#### [Work to complete]
The output is to match the entries below character for character.

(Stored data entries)
◇ ◇ ◇ ◇

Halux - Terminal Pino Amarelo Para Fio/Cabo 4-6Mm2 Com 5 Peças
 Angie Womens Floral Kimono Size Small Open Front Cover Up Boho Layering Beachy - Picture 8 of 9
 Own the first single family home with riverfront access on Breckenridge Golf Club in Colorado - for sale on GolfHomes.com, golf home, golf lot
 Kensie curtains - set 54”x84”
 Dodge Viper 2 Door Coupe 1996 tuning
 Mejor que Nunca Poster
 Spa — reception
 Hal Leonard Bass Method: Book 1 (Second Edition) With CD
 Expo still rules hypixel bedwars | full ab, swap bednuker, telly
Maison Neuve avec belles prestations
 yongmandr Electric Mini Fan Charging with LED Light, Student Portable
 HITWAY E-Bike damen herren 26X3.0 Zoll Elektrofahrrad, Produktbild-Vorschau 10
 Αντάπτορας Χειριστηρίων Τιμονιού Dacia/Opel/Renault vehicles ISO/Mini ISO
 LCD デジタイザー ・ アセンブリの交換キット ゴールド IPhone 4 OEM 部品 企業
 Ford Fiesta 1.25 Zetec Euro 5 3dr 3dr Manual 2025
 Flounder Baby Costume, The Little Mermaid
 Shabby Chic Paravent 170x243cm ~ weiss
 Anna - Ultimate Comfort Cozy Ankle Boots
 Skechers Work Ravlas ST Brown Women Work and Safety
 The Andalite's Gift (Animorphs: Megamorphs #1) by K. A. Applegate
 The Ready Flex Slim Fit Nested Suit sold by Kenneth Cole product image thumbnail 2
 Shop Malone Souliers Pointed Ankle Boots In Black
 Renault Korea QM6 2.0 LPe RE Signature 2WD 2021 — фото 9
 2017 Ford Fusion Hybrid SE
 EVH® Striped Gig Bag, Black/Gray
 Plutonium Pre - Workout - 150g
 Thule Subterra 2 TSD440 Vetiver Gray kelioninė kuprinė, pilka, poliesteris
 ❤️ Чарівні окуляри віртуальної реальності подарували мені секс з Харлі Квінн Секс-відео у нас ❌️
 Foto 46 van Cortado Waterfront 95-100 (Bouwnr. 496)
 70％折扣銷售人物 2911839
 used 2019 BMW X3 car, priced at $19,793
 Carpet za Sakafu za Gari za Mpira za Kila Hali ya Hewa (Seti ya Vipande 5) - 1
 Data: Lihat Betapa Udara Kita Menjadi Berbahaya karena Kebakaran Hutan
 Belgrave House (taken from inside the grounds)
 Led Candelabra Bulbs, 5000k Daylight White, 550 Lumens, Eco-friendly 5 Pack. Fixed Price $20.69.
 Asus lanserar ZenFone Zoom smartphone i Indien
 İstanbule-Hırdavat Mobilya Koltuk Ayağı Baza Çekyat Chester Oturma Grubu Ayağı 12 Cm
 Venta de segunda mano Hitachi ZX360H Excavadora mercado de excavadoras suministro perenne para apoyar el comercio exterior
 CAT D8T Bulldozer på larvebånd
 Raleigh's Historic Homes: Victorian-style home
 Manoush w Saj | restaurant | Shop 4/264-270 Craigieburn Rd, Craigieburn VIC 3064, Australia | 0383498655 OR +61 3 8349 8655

◇ ◇ ◇ ◇

#### [Solved exercise]
Halux - Terminal Pino Amarelo Para Fio/Cabo 4-6Mm2 Com 5 Peças
 Angie Womens Floral Kimono Size Small Open Front Cover Up Boho Layering Beachy - Picture 8 of 9
 Own the first single family home with riverfront access on Breckenridge Golf Club in Colorado - for sale on GolfHomes.com, golf home, golf lot
 Kensie curtains - set 54”x84”
 Dodge Viper 2 Door Coupe 1996 tuning
 Mejor que Nunca Poster
 Spa — reception
 Hal Leonard Bass Method: Book 1 (Second Edition) With CD
 Expo still rules hypixel bedwars | full ab, swap bednuker, telly
Maison Neuve avec belles prestations
 yongmandr Electric Mini Fan Charging with LED Light, Student Portable
 HITWAY E-Bike damen herren 26X3.0 Zoll Elektrofahrrad, Produktbild-Vorschau 10
 Αντάπτορας Χειριστηρίων Τιμονιού Dacia/Opel/Renault vehicles ISO/Mini ISO
 LCD デジタイザー ・ アセンブリの交換キット ゴールド IPhone 4 OEM 部品 企業
 Ford Fiesta 1.25 Zetec Euro 5 3dr 3dr Manual 2025
 Flounder Baby Costume, The Little Mermaid
 Shabby Chic Paravent 170x243cm ~ weiss
 Anna - Ultimate Comfort Cozy Ankle Boots
 Skechers Work Ravlas ST Brown Women Work and Safety
 The Andalite's Gift (Animorphs: Megamorphs #1) by K. A. Applegate
 The Ready Flex Slim Fit Nested Suit sold by Kenneth Cole product image thumbnail 2
 Shop Malone Souliers Pointed Ankle Boots In Black
 Renault Korea QM6 2.0 LPe RE Signature 2WD 2021 — фото 9
 2017 Ford Fusion Hybrid SE
 EVH® Striped Gig Bag, Black/Gray
 Plutonium Pre - Workout - 150g
 Thule Subterra 2 TSD440 Vetiver Gray kelioninė kuprinė, pilka, poliesteris
 ❤️ Чарівні окуляри віртуальної реальності подарували мені секс з Харлі Квінн Секс-відео у нас ❌️
 Foto 46 van Cortado Waterfront 95-100 (Bouwnr. 496)
 70％折扣銷售人物 2911839
 used 2019 BMW X3 car, priced at $19,793
 Carpet za Sakafu za Gari za Mpira za Kila Hali ya Hewa (Seti ya Vipande 5) - 1
 Data: Lihat Betapa Udara Kita Menjadi Berbahaya karena Kebakaran Hutan
 Belgrave House (taken from inside the grounds)
 Led Candelabra Bulbs, 5000k Daylight White, 550 Lumens, Eco-friendly 5 Pack. Fixed Price $20.69.
 Asus lanserar ZenFone Zoom smartphone i Indien
 İstanbule-Hırdavat Mobilya Koltuk Ayağı Baza Çekyat Chester Oturma Grubu Ayağı 12 Cm
 Venta de segunda mano Hitachi ZX360H Excavadora mercado de excavadoras suministro perenne para apoyar el comercio exterior
 CAT D8T Bulldozer på larvebånd
 Raleigh's Historic Homes: Victorian-style home
 Manoush w Saj | restaurant | Shop 4/264-270 Craigieburn Rd, Craigieburn VIC 3064, Australia | 0383498655 OR +61 3 8349 8655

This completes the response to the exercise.